Sunday, May 31, 2009

Sixth Sense Located in Human Brain

Human being's 'sixth sense' for danger, long dismissed by some scientists as myth, actually exists in a part of the brain that also handles conflict resolution, according to a recent report in the journal Science.
The brain region - known as the anterior cingulate cortex (ACC) - actually raises the alarm about danger that fail to penetrate the consciene mind, said Joshua Brown of Washington University in St Louis, Missouri, in an interview.
The ACC is located near the top of the frontal lobes and along the walls that divide the left and rigth brains.
Brown used a computer programme that required health young people to respond to activity on the monitor, and measured their brain activity at 2.5 second intervals with magnetic resonance imaging (MRI).
The experiments showed that "our brains are better at picking up subtle warning signs than we previously thought", Brown said.
"In the past, we found activity in the ACC when people had to make a difficult decision...or after they made a mistake," Brown said.
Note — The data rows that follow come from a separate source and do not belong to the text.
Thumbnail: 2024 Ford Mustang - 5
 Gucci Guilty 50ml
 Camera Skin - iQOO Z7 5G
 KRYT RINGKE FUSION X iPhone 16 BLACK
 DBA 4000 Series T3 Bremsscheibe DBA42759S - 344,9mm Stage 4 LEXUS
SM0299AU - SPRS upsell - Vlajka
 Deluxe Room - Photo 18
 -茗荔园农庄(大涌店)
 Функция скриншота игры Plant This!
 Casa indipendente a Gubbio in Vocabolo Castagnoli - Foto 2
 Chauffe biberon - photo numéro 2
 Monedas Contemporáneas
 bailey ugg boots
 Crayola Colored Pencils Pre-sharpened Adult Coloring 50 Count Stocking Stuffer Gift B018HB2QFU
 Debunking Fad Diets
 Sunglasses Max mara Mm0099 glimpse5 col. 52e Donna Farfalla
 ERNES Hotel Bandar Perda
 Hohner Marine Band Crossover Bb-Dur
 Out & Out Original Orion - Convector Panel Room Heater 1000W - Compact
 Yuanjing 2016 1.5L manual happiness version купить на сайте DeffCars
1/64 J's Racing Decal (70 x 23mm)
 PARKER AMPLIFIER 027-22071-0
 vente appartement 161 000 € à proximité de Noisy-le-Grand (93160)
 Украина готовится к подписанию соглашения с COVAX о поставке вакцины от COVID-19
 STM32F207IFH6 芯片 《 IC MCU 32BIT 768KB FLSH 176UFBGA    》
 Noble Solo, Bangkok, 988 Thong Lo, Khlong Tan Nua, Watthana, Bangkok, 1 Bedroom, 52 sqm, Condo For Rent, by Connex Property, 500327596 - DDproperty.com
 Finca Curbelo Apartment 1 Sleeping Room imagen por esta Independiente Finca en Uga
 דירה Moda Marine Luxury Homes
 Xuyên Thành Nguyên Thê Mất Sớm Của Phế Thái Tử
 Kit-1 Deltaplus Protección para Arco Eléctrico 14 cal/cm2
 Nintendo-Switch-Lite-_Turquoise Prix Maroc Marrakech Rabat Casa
But now the region can "actually learn to recognise when you might make a mistake...it learns to warn you in advance when our behaviour might lead to a negative outcome".
The ACC is closely associated with some serious mental problems, including schizophrenia and obsessive-compulsive disorder. Brown said the same neurotransmitter involved in drug addiction and Parkinson's disease - dopamine - also appears "to play a key role in training the ACC to recognise when to send the early warning signal".